The public ballot
The Wimbledon public ballot is a free lottery run by the All England Lawn Tennis and Croquet Club. You apply through a myWimbledon account during the application window, which typically opens in September and closes around mid-September the year before the tournament. Results follow the next spring.
Only one application is allowed per household, and applying unsuccessfully in previous years doesn’t improve your odds. Roughly one in ten applicants is drawn. If you’re successful, you’re offered tickets at face value, currently around £75 to £100 in the early rounds rising to £240 to £315 for the finals, but you don’t get to choose which day or which court. The ballot allocates you a seat; it doesn’t let you pick a match.
The Queue
The Queue is Wimbledon’s other public route, and it’s as famous as the tournament itself. It forms in Wimbledon Park, a five-minute walk from Southfields station, and everyone who joins is given a dated, numbered Queue Card marking their exact place in line.
Around 500 tickets each are held back daily for Centre Court, No.1 Court and No.2 Court, for roughly the first ten days of the Championships. Centre Court isn’t sold through the Queue at all during the final four days. The grounds themselves are capped at 42,000 people, so once that’s reached, entry runs on a one-in-one-out basis as people leave. Up to 10,000 numbered cards are issued on a busy day, and getting one is no guarantee of getting in.
Tickets go on sale from around 9:45am, with the grounds opening at 10am. Overnight camping is allowed, in two-person tents only, and a myWimbledon account is required to buy on the day. Arriving at dawn can still mean missing out on Centre Court; arriving the evening before is common for anyone determined to get one.
Debenture tickets, the resale route
Wimbledon debentures are a long-standing system separate from the ballot and the Queue. Debenture holders commit to a five-year holding tied to Centre Court or No.1 Court, and as part of that arrangement, they are permitted to resell their own seats.

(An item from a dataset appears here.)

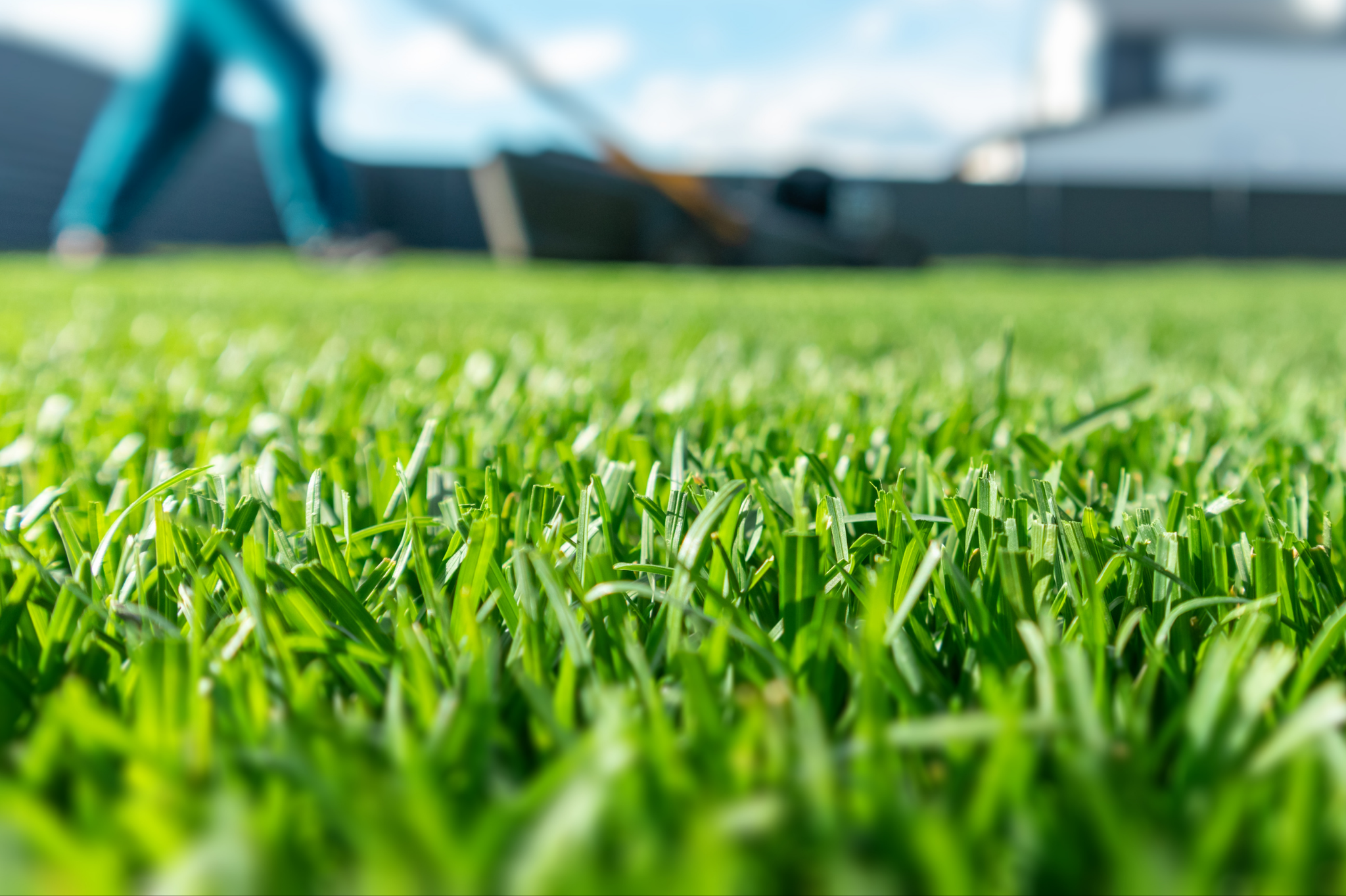 Does Landscaping Increase Home Value? Does Landscaping Increase Home Value?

This is a fully legitimate secondary market, not a grey area, and it’s the only one of the three routes where you choose your day and your court in advance.
This is what Tennis Ticket Service deals in. We don’t take part in the ballot and we don’t queue on anyone’s behalf. Every ticket we sell comes from a debenture holder’s own allocation, with seats guaranteed together and access to the Debenture Holders’ Lounge included.
Availability builds as the tournament approaches, since it depends on individual holders choosing to sell rather than a fixed release date. Early rounds tend to have the most choice; the closer you get to the finals, the thinner the availability, particularly for Centre Court.
Which route actually gets you in
The ballot costs nothing to enter but succeeds for roughly one in ten applicants, and even then you don’t choose your match. The Queue costs nothing but your time, and for Centre Court on a popular day that time can mean arriving the night before with no guarantee of a ticket at the end of it. A debenture ticket costs more than either, but it’s the one route where the outcome is certain before you make any plans.
If you already know which day and which court you want, that certainty is usually worth more than the odds.
Frequently asked questions
When does the Wimbledon ballot open?
The public ballot typically opens in September and closes around mid-September, the year before the tournament. Results are sent out the following spring.
How does the Wimbledon Queue work?
You join a line in Wimbledon Park and receive a numbered Queue Card marking your place. Around 500 tickets each are available daily for Centre Court, No.1 Court and No.2 Court for roughly the first ten days, with no show court tickets sold through the Queue in the final four days.
When can I buy Wimbledon tickets through resale?
Debenture tickets become available progressively as the tournament approaches, since holders decide individually when to sell. There’s no single release date. Early rounds usually have the widest choice, and Centre Court availability narrows fastest as the finals get closer.